PROMPT: When you transcribe the data below, reproduce every line exactly and leave each picture out.

RECORDED INFORMATION:
>>
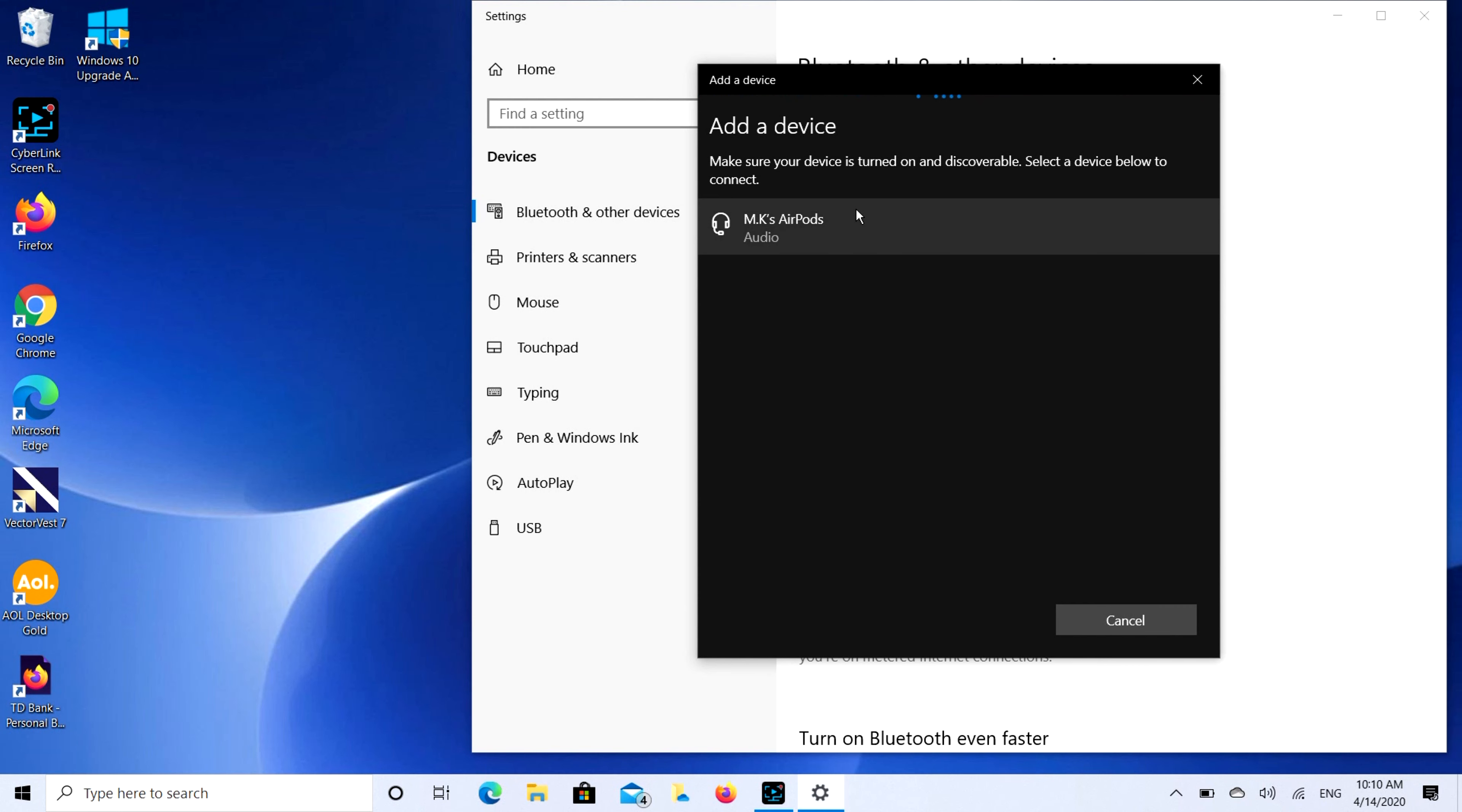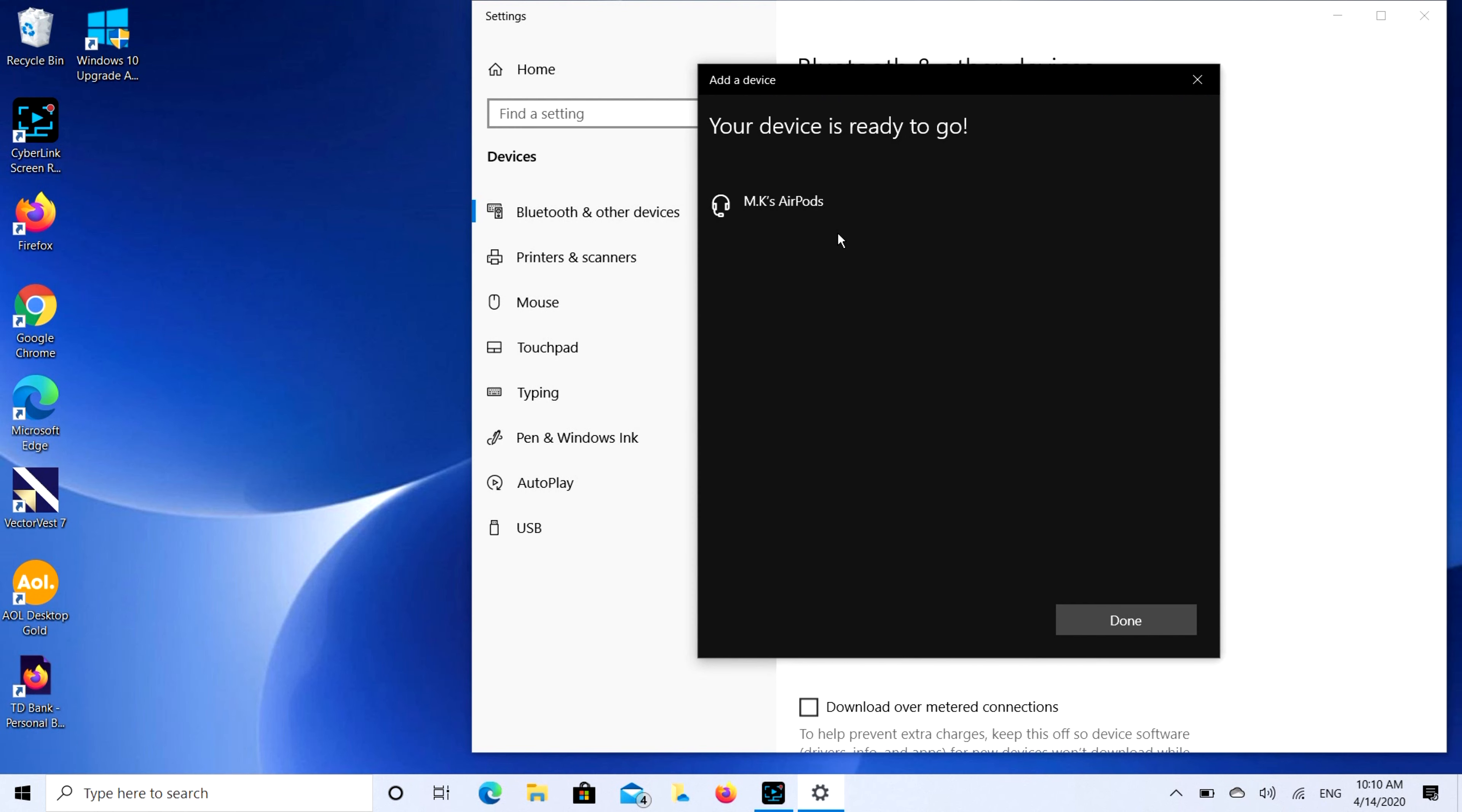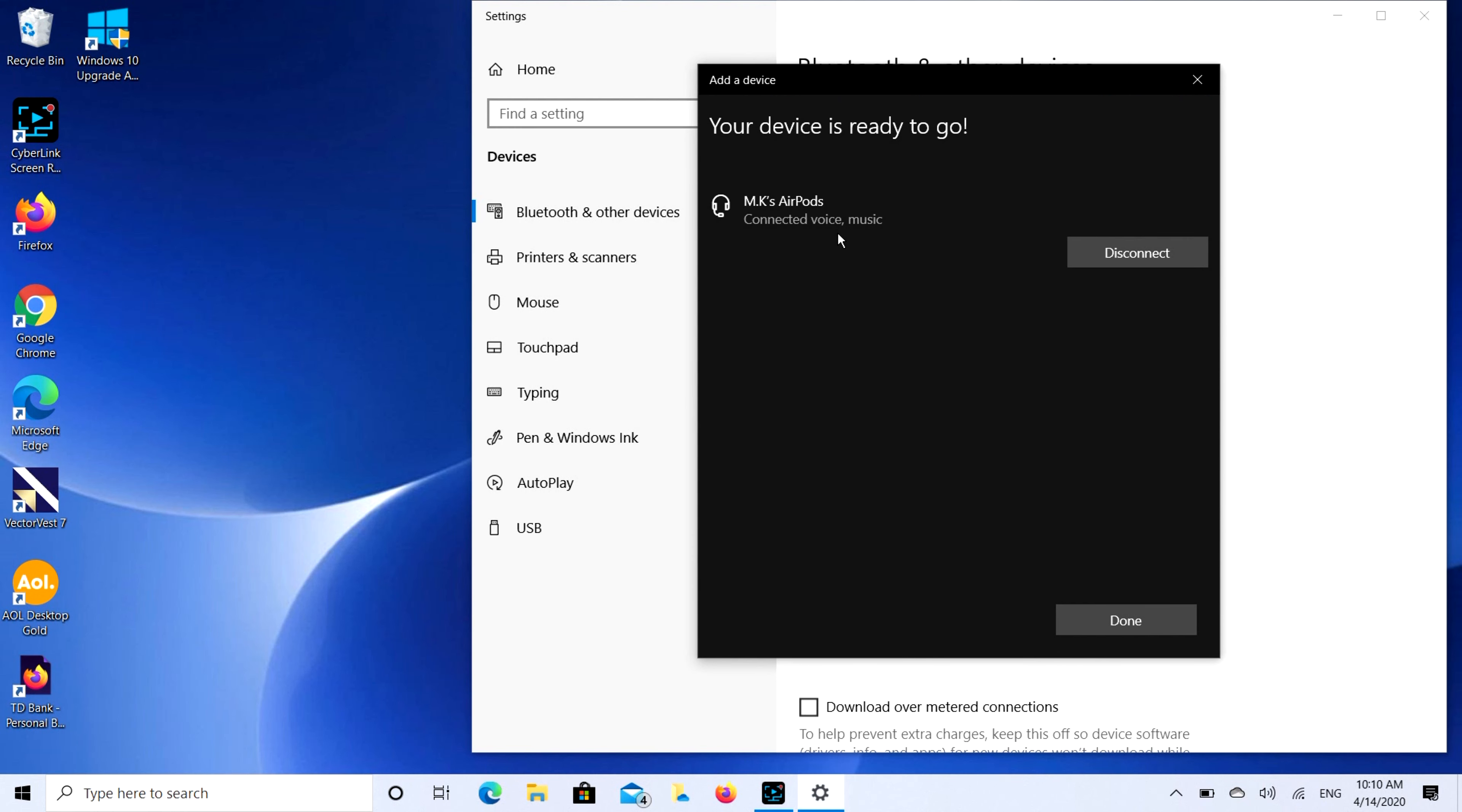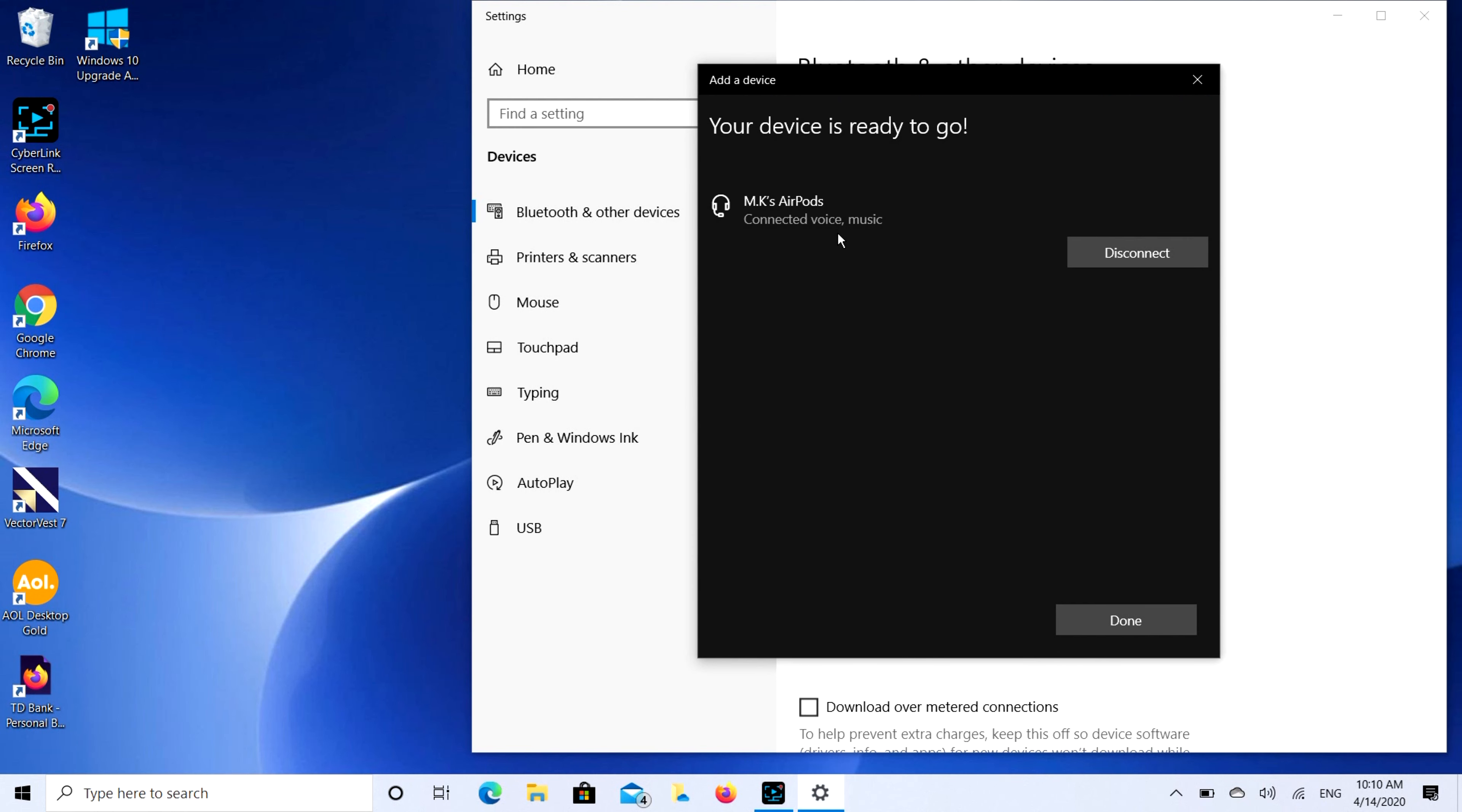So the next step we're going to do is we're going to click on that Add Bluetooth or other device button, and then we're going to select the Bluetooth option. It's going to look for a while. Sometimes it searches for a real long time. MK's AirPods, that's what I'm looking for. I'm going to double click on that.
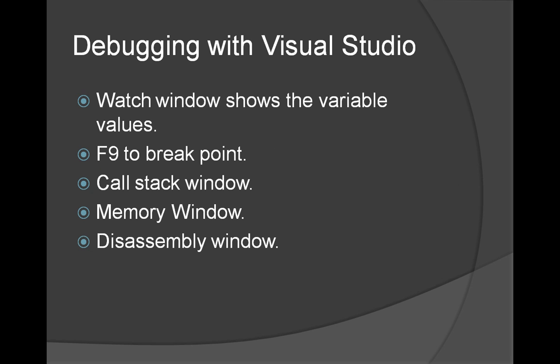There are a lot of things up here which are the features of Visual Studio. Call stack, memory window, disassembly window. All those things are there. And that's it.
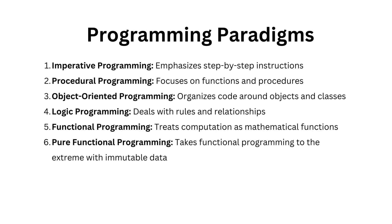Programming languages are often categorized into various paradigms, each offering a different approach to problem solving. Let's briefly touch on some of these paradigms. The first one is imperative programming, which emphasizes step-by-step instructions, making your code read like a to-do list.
<<
ANSWER BOX:
So the next step we're going to do is we're going to click on that Add Bluetooth or other device button, and then we're going to select the Bluetooth option. It's going to look for a while. Sometimes it searches for a real long time. MK's AirPods, that's what I'm looking for. I'm going to double click on that.
There are a lot of things up here which are the features of Visual Studio. Call stack, memory window, disassembly window. All those things are there. And that's it.
Programming languages are often categorized into various paradigms, each offering a different approach to problem solving. Let's briefly touch on some of these paradigms. The first one is imperative programming, which emphasizes step-by-step instructions, making your code read like a to-do list.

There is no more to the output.